Purebred cats that have been inbred will have the very best and very worst genes in that line. However, if the breeders know what they're doing, they will not breed a problem to a problem. They have access to the pedigrees and they know what they're getting in a litter. (Nature can always come up with surprises, but not as likely with a breeder who's knowledgable) The buyer should ask many questions, and insist on a health report. Obviously you would not want to get a Siamese kitten with crossed eyes or a Persian with chronic runny eyes or nose. However, in my opinion, those problems are a result of bad breeding. Know whom you're dealing with, and never buy from a pet store or a kitty or puppy mill!

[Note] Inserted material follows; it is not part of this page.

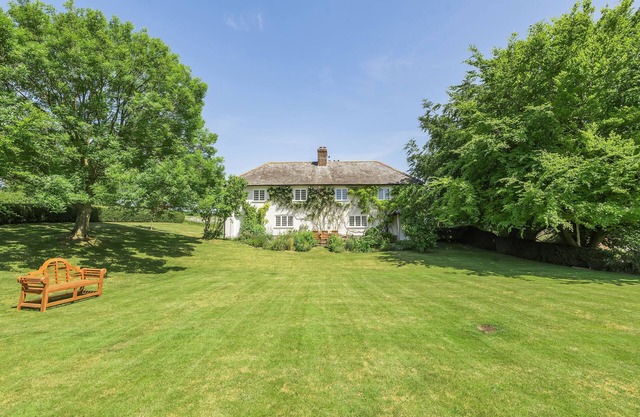 Creaky Cottage - a stylish detached cottage that sleeps up to 8 guests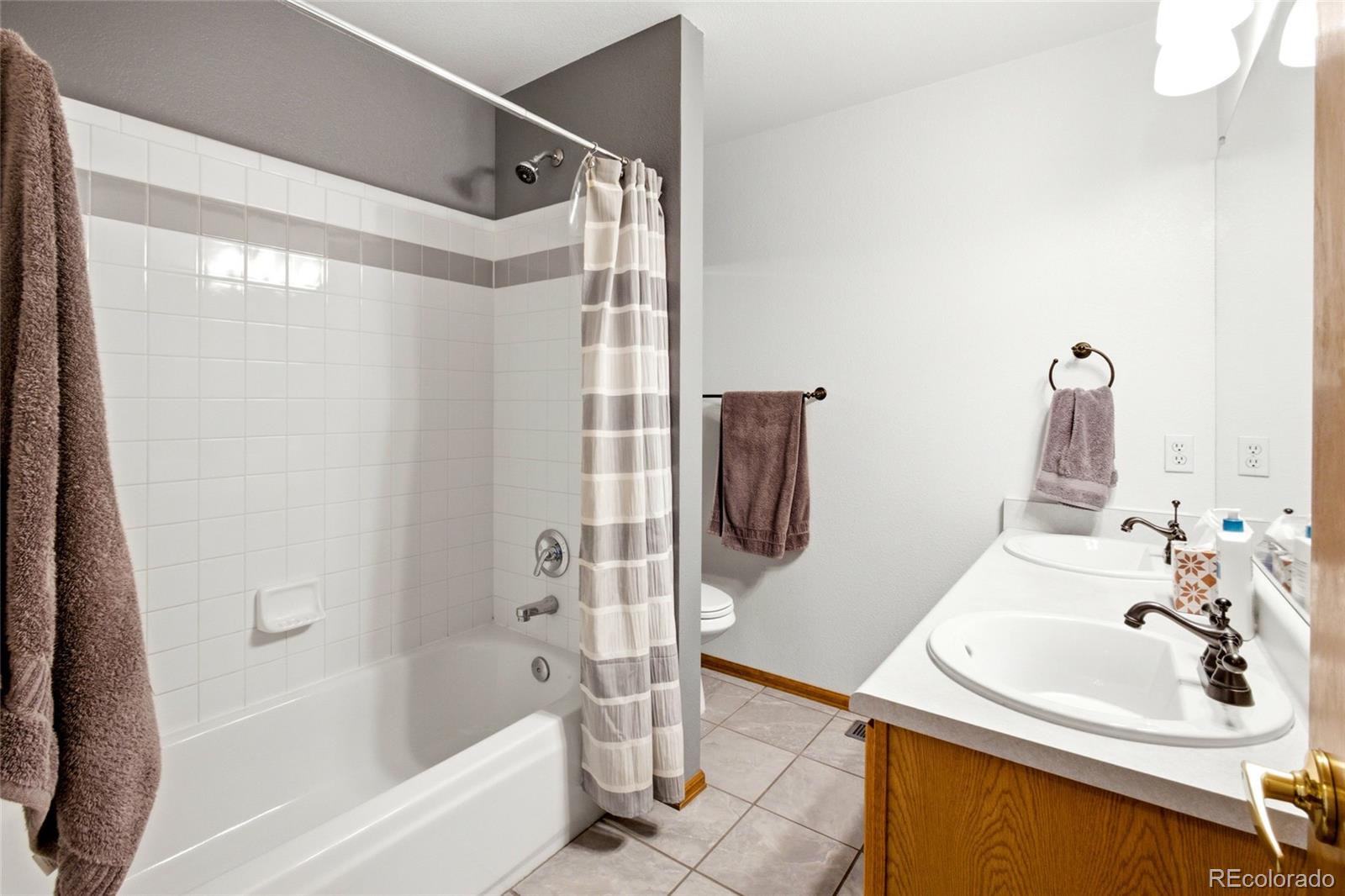 MLS Image #21 for 12133  elizabeth court,thornton, Colorado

Find a reputable breeder whose motive to breed is to improve the health and overall good of the breed. (cats or dogs)
With DSH or DLH, you have no idea what the background of the tom and queen is. Littermates will often breed, especially if there's a colony of barn cats. That's not good! I have had moggies with great personalities and health, and I've had moggies with birth defects--internal defects.
Often, people will tell people not to buy a German Shepherd dog, for example, because hip displasia is common to the breed. That's not entirely true. All large dogs are more likely to have that problem than a lap dog. It depends on where you're getting the information, whether it's a cat or dog. Read what you can, and know the disposition and common health problems of the cat or dog.
Buy sensibly and buy the one you love, who seems to love you!